People get rightfully perturbed when you connect emotions with physical or mental health, which I get. "She's saying I have a chronic illness because I am shameful." No I am not. "Her work is dangerous, she says that depression is caused because of shame." No did not. "Don't listen to her, she says chronic pain is due to shame." None of this is true. You likely don't like me very much and this dislike colours how you hear and perceive me. But you raise the stickiness of all this, which is why communicating the message is important. You're not entirely wrong either.
The idea that emotions are tied to physical health is a pathologizing framework that blames or puts the onus on the individual for either getting sick, or frames them as being shameful. This is why Sara Ahmed doesn't like the idea of emotions as something within us, but rather, outside of us, interacting with us relationally, moving us relationally. While this is all good and well, I don't think the object of emotion simply stops outside of the body. How would it even know it's approaching a subject and to circulate the other way. I could be wrong, but I don't think that's how it works. It's okay to say it sometimes gets inside, even if imagined.

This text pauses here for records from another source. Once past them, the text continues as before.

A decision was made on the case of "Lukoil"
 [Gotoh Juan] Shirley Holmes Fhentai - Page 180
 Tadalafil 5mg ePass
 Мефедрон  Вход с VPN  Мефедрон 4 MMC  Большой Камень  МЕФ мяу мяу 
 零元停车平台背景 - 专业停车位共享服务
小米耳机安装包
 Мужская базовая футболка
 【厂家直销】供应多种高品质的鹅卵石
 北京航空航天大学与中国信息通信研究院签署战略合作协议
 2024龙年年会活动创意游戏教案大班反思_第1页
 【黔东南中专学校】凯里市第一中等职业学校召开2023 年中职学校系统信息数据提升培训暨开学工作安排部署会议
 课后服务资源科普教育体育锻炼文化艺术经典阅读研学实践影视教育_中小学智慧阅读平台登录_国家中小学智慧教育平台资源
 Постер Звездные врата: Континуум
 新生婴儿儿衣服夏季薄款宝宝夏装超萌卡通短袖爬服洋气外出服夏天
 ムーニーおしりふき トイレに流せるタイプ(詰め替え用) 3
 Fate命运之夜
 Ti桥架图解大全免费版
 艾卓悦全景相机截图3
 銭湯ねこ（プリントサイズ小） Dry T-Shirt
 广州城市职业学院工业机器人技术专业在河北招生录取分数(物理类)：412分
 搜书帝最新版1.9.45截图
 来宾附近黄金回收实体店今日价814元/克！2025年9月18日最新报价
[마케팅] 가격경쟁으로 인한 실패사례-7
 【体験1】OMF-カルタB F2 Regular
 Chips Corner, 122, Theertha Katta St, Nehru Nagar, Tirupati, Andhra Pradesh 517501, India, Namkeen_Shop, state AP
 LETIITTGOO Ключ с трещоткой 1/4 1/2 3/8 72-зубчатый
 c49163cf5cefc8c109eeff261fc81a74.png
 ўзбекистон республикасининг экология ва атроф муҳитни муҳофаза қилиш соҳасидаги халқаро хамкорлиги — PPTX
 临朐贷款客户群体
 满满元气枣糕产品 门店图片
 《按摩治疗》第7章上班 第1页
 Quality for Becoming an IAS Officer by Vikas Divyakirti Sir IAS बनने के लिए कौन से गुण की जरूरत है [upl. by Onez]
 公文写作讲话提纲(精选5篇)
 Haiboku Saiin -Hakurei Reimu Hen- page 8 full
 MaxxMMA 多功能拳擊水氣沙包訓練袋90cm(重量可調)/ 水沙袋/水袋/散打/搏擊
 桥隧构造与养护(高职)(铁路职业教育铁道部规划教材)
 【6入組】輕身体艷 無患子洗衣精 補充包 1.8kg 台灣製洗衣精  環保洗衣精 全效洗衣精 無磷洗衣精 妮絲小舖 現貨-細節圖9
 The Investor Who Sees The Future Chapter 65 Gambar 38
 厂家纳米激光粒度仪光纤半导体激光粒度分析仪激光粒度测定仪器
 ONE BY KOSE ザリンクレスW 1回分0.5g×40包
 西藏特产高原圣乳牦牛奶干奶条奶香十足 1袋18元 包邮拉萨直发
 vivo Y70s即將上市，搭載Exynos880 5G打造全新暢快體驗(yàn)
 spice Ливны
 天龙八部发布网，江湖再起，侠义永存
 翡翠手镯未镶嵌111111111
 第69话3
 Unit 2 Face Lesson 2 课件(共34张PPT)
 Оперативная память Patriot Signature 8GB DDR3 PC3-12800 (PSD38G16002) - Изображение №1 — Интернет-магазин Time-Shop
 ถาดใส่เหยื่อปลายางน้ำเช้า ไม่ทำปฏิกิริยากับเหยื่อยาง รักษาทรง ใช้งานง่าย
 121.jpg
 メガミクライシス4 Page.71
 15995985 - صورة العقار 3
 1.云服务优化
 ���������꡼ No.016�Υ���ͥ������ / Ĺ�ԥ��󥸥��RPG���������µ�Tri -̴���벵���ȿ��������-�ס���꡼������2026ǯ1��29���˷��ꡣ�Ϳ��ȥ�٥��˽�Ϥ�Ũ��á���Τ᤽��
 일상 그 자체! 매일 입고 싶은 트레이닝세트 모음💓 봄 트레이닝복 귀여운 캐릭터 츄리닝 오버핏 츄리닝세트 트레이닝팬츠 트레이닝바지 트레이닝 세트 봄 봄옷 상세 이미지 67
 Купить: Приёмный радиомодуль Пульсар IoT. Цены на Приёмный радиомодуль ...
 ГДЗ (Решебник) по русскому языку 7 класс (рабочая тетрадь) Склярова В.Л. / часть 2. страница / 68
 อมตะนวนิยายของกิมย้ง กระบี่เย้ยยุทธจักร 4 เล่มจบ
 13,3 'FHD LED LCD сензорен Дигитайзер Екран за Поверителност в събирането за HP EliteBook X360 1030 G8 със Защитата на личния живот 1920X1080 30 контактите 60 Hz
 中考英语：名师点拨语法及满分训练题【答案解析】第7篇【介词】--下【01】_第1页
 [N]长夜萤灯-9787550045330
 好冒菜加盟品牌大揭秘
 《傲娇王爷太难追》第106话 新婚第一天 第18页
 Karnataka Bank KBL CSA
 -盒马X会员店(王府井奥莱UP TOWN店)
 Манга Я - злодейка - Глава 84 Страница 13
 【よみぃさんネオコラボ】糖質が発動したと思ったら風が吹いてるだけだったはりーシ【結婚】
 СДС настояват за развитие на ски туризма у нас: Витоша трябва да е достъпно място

From my understanding and research, emotions work in similar ways as stress when it comes to compounding and amplifying our physical health. I don't believe that emotions cause disease per se, though science is now making the linkages between trauma and illness. But like stress, emotions will do damage that results in a slow death. I've been struggling with how to communicate this message without conflating emotions as synonymous with physical health. Making sense of shame as an invisible marble has helped me make sense of some of the immaterial damage that manifests as distress or disease.
This video uses Sara Ahmed's idea that emotions are objects to consider reframing shame as a heavy invisible object that gets projected at certain people in ways that limit their capacity and make them stagnant or sick.